**TASK GOAL:** Could you set down the listing below exactly, leaving out its pictures?

**PROVIDED MATERIAL:**
---
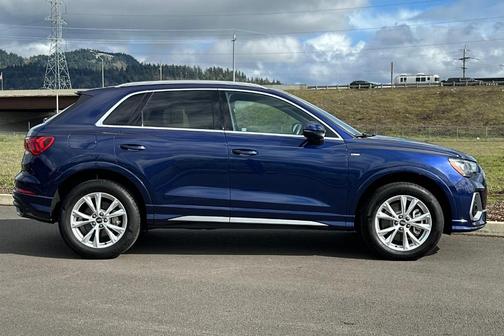 2022 Audi Q3 45 S line Premium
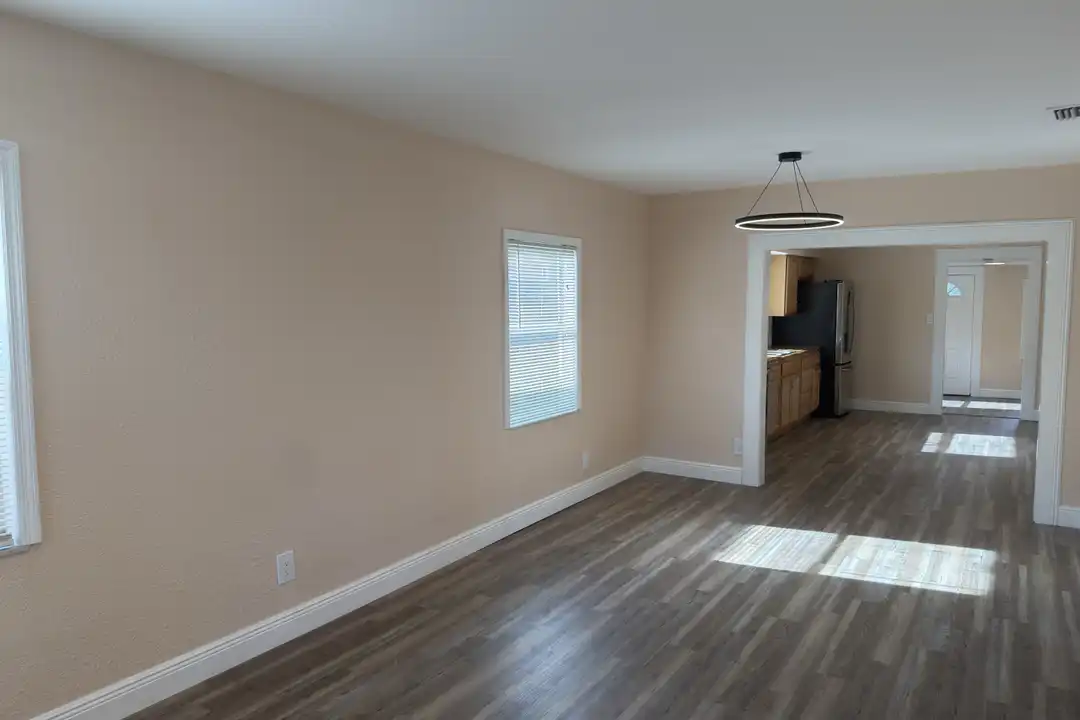 2514 W St John St – pohled 6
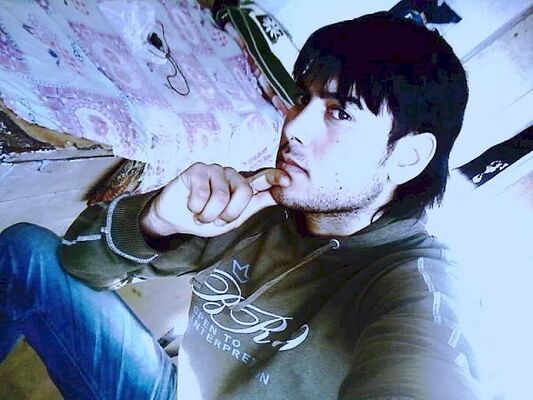  ,   Maks, 32 ,   ,   , c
---
**TASK ANSWER:**
 2022 Audi Q3 45 S line Premium
 2514 W St John St – pohled 6
  ,   Maks, 32 ,   ,   , c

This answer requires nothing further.